◆ **WORK INSTRUCTION**:
When you transcribe the lines below, keep every word the same and leave the pictures behind.

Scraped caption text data

────────────────────────────────────────

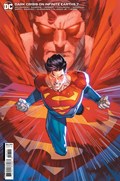 DARK CRISIS ON INFINITE EARTHS #7B 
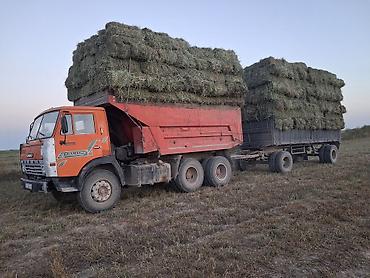 электрик фура: Заказать Камаз — 1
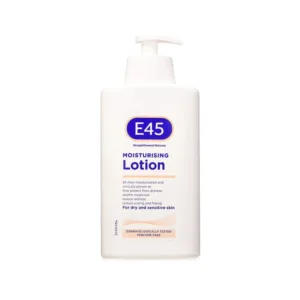 E45 Dermatological Moisturising Lotion – 500ml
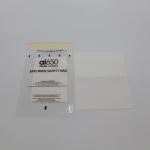 Custom Self Adhesive Medical Specimen Biohazard Bag With Pouch for sale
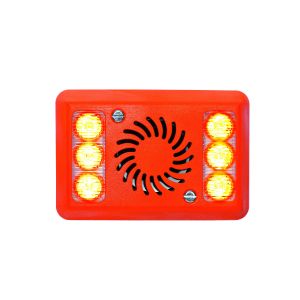 Alarmalight 12-24V Left Turn Talking Indicator  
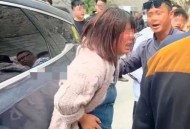 制止插队遭男子猛踹,成都：“高三男生阻止插队被打骨折”打人男子被行拘十天, 你怎么看？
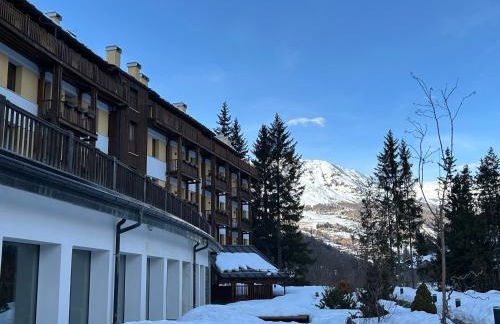 Maison Du Coeur Champoluc - Spa, Gym e aree relax - Foto 3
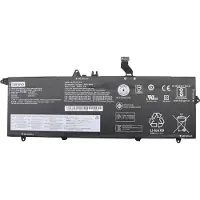 Lenovo 57Wh Lithium-ion internal battery for Lenovo ThinkPad (FRU02DL013)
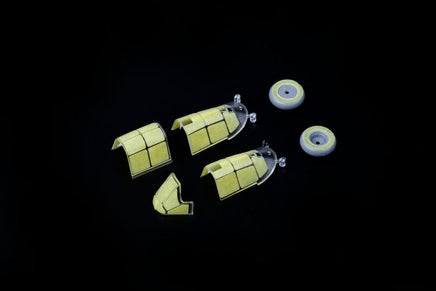 1/48 Eduard A6M5 Zero BIG49455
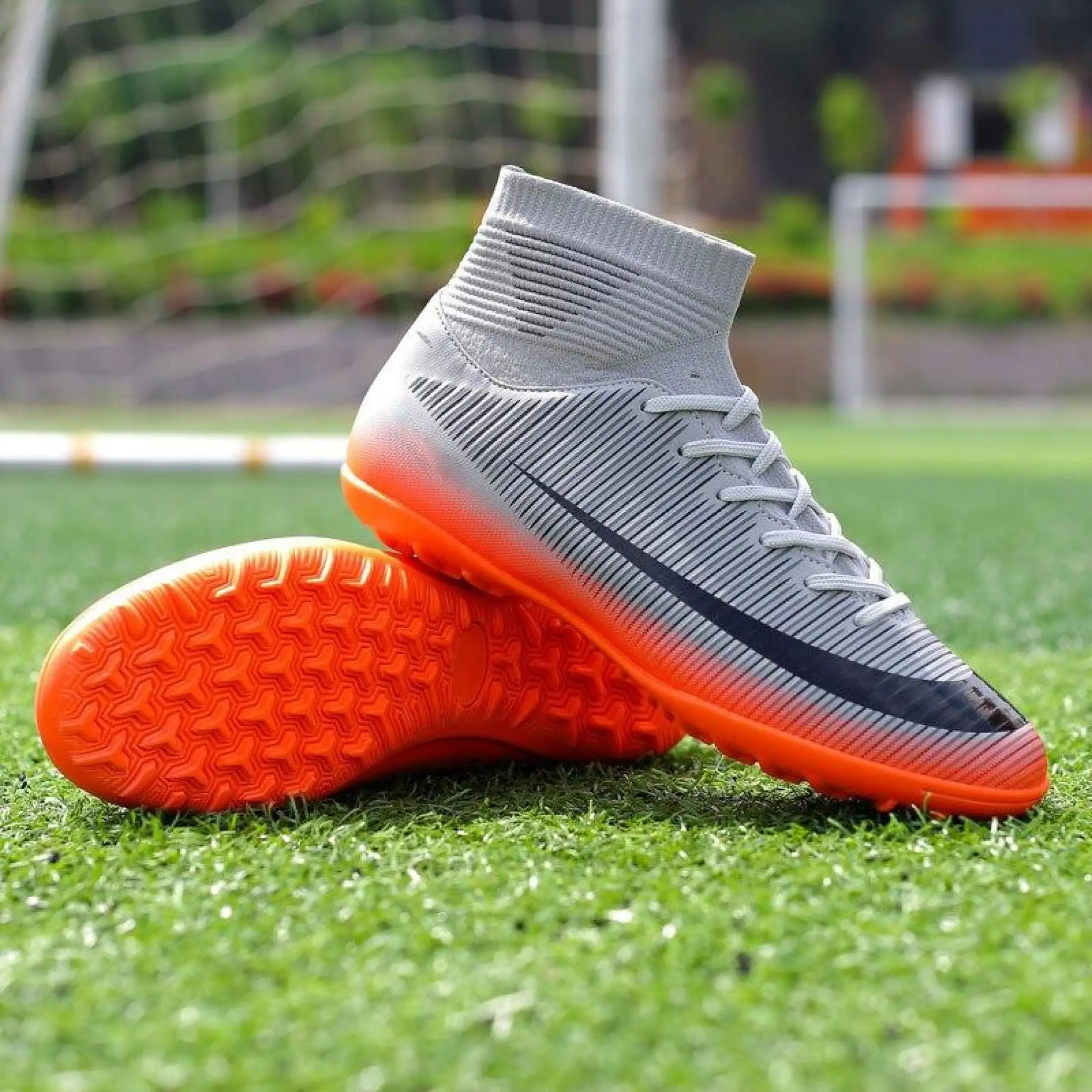 indoor turf football shoes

────────────────────────────────────────

◆ **ANSWER SECTION**:
 DARK CRISIS ON INFINITE EARTHS #7B 
 электрик фура: Заказать Камаз — 1
 E45 Dermatological Moisturising Lotion – 500ml
 Custom Self Adhesive Medical Specimen Biohazard Bag With Pouch for sale
 Alarmalight 12-24V Left Turn Talking Indicator  
 制止插队遭男子猛踹,成都：“高三男生阻止插队被打骨折”打人男子被行拘十天, 你怎么看？
 Maison Du Coeur Champoluc - Spa, Gym e aree relax - Foto 3
 Lenovo 57Wh Lithium-ion internal battery for Lenovo ThinkPad (FRU02DL013)
 1/48 Eduard A6M5 Zero BIG49455
 indoor turf football shoes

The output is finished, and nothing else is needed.